Copy every record verbatim. Leave the pictures out.
*** Block opens ***
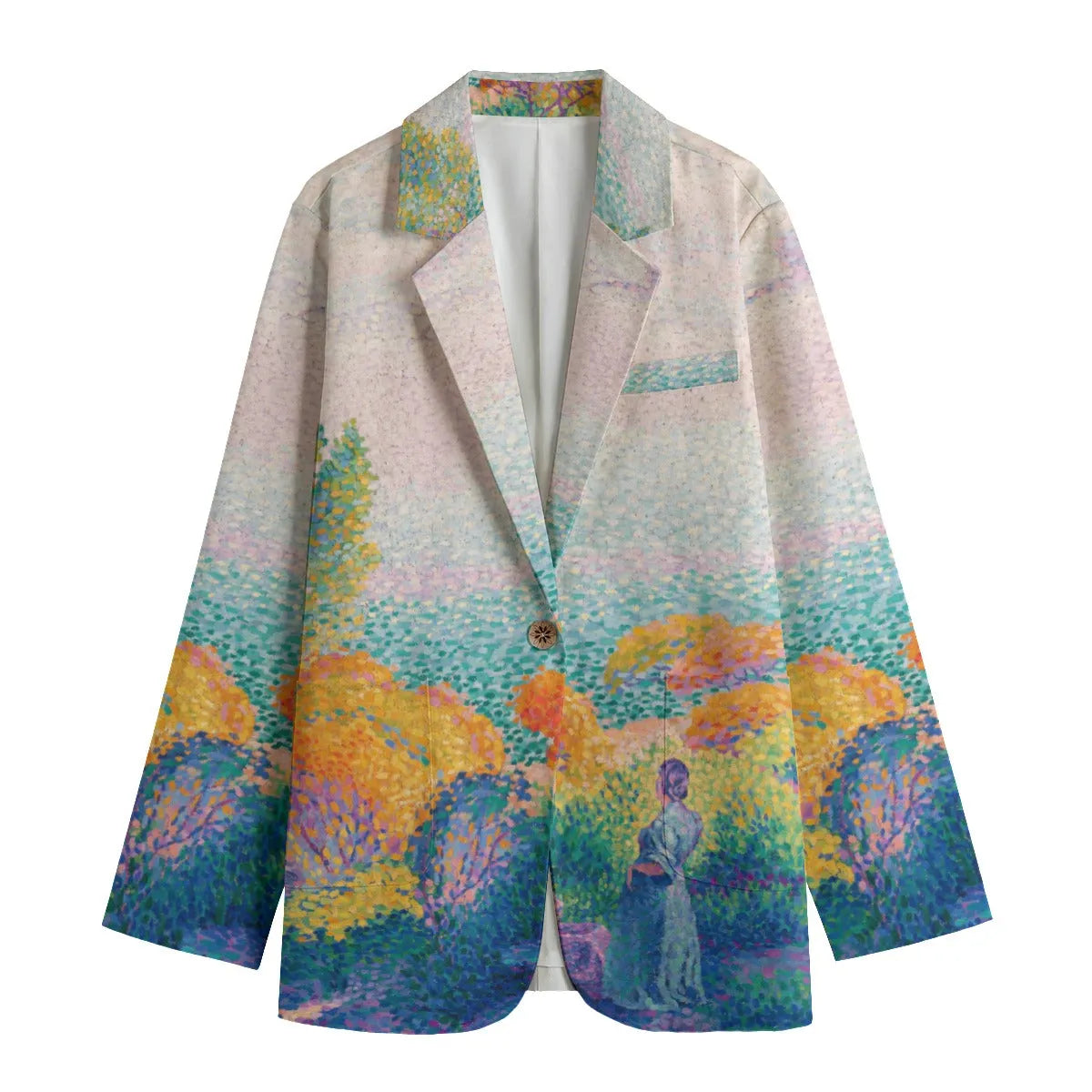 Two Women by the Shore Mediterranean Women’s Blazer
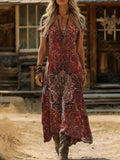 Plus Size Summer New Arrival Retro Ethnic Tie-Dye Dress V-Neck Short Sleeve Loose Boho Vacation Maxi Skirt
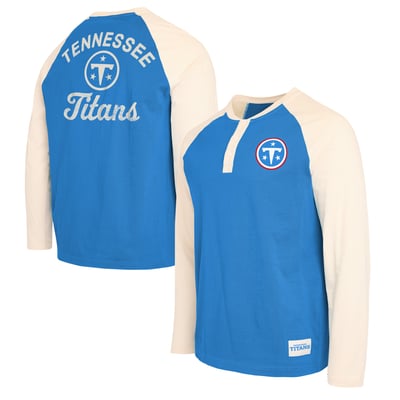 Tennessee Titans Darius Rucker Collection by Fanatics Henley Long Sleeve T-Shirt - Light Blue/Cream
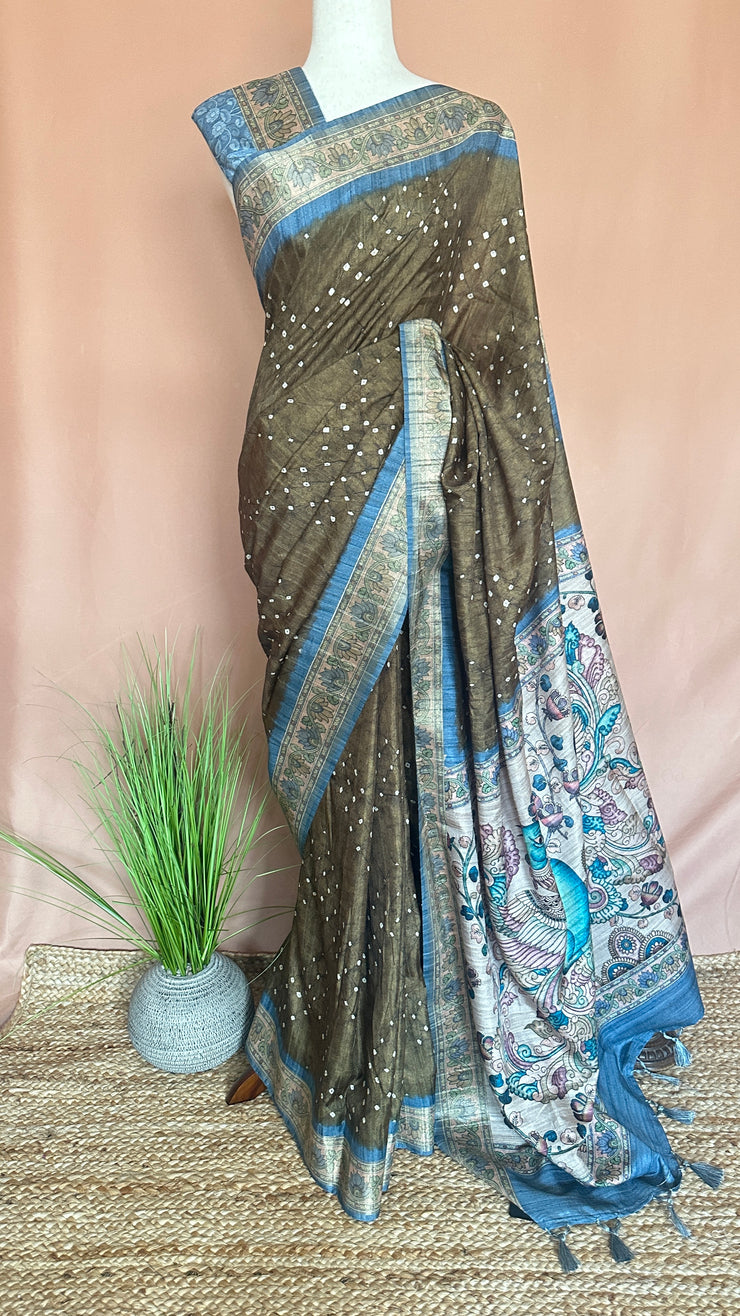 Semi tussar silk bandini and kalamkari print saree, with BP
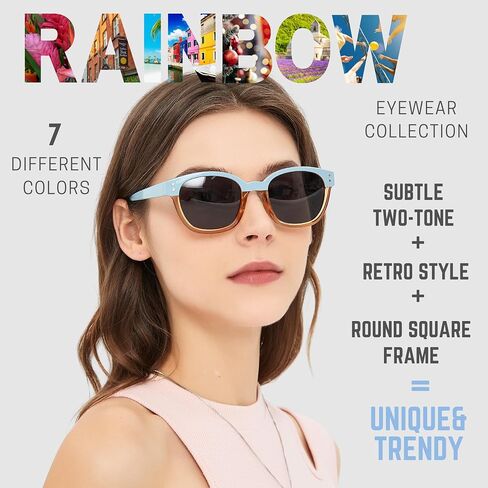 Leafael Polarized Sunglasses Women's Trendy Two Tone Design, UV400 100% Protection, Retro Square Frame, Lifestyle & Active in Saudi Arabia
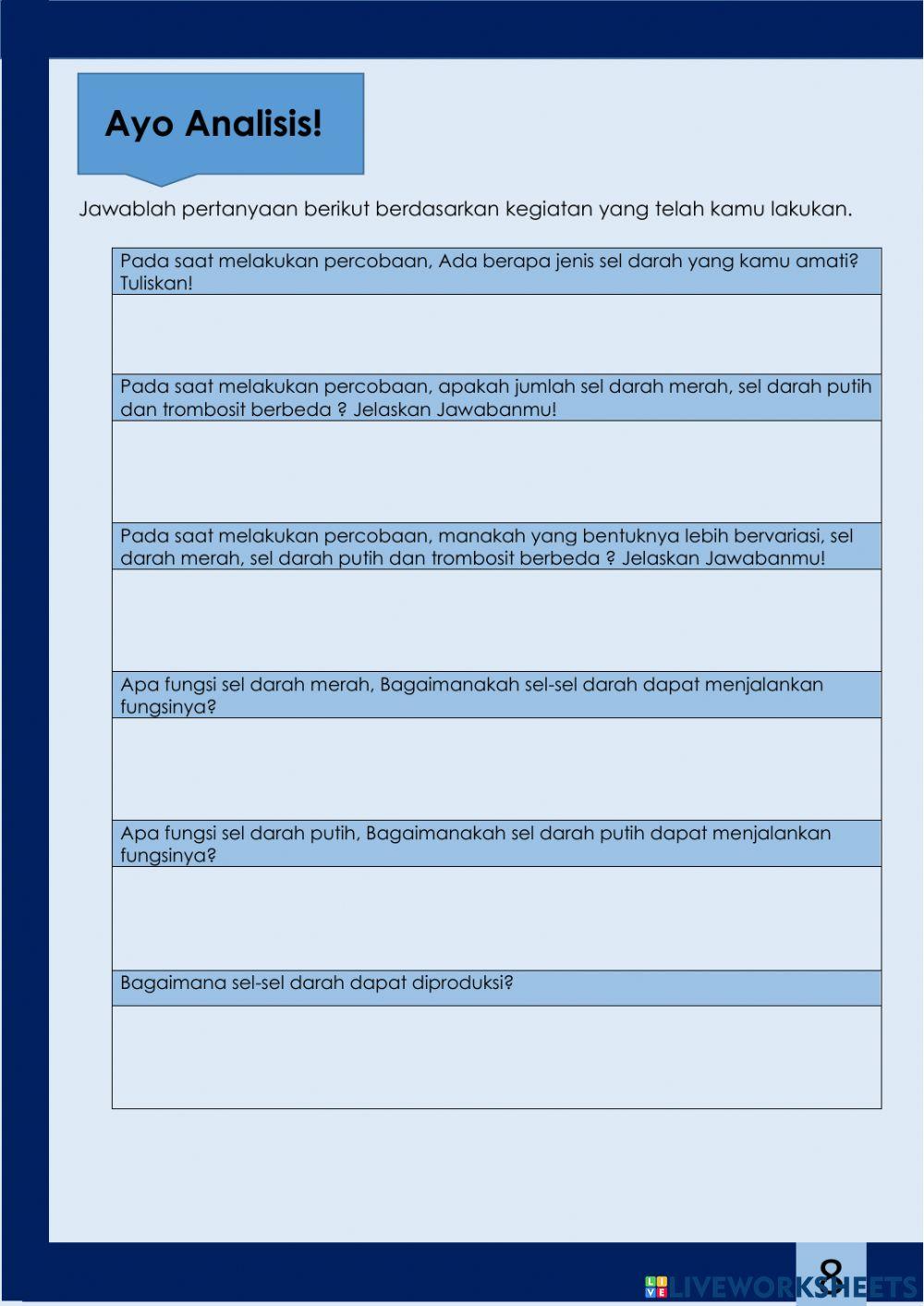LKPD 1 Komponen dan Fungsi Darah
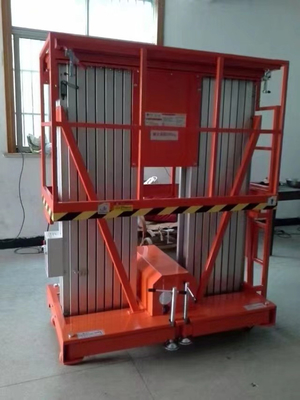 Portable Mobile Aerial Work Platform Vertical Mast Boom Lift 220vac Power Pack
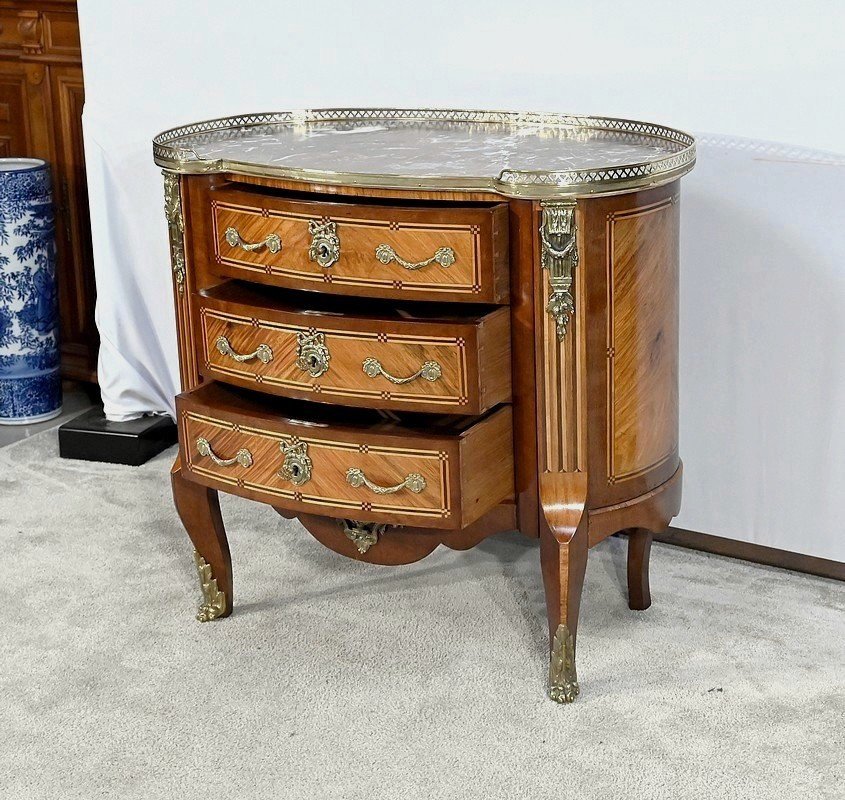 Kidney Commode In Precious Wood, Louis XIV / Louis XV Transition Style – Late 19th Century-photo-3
*** Block closes ***
» **REPLY**:
 Two Women by the Shore Mediterranean Women’s Blazer
 Plus Size Summer New Arrival Retro Ethnic Tie-Dye Dress V-Neck Short Sleeve Loose Boho Vacation Maxi Skirt
 Tennessee Titans Darius Rucker Collection by Fanatics Henley Long Sleeve T-Shirt - Light Blue/Cream
 Semi tussar silk bandini and kalamkari print saree, with BP
 Leafael Polarized Sunglasses Women's Trendy Two Tone Design, UV400 100% Protection, Retro Square Frame, Lifestyle & Active in Saudi Arabia
LKPD 1 Komponen dan Fungsi Darah
 Portable Mobile Aerial Work Platform Vertical Mast Boom Lift 220vac Power Pack
 Kidney Commode In Precious Wood, Louis XIV / Louis XV Transition Style – Late 19th Century-photo-3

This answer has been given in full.